Second, Judge Bork’s constitutional vision was grounded principally in the need for judicial restraint—the idea that judges should not overturn the acts of democratically elected legislatures without a firm basis in constitutional text and history (a view that he called “interpretivism”). The justice who took the seat Bork did not was Anthony Kennedy, who is commonly dubbed a “moderate” because he votes, in different cases, with both the liberal and the conservative wings of the court.
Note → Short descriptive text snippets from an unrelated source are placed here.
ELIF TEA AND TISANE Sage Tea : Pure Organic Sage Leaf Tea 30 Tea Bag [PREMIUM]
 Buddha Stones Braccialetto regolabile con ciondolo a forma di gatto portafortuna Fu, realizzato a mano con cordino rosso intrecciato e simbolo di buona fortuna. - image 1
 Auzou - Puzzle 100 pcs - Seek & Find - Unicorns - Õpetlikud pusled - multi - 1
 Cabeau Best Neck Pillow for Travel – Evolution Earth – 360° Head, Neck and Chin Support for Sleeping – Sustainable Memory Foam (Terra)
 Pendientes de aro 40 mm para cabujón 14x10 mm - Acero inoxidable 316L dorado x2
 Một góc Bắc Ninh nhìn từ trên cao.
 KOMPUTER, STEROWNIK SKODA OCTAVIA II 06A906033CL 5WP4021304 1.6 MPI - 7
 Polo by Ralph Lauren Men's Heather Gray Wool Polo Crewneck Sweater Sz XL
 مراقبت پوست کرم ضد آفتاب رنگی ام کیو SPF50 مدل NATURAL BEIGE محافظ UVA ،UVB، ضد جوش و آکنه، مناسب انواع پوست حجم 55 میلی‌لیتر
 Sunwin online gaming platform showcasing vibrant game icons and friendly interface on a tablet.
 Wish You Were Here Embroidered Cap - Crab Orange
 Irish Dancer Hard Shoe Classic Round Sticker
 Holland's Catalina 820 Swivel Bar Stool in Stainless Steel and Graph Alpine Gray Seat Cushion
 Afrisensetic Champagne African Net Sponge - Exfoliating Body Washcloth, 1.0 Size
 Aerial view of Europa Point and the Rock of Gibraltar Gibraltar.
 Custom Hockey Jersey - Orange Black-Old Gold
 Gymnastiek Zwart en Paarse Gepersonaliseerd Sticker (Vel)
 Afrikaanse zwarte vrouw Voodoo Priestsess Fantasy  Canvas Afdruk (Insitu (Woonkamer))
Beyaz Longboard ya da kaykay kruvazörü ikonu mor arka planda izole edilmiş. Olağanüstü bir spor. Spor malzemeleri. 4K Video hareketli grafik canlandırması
Studies of the court’s voting patterns indicate, however, that Kennedy votes more often than any other justice to overturn acts of legislatures both state and federal, whether for progressive gains like gay rights or limiting capital punishment, or conservative causes like blocking Obamacare or striking down campaign finance regulation. He is thus a very different kind of justice than Bork would have been.
Finally, be sure to check out Richard Epstein’s remembrance, which contains praise alongside critiques of Bork. Of course, it is entirely possible to critique Bork in death, but one must be responsible with one’s criticism. Professor Epstein is to be commended for his sense of responsibility and sobriety, just as Jeffrey Toobin deserves to be condemned for his lack thereof.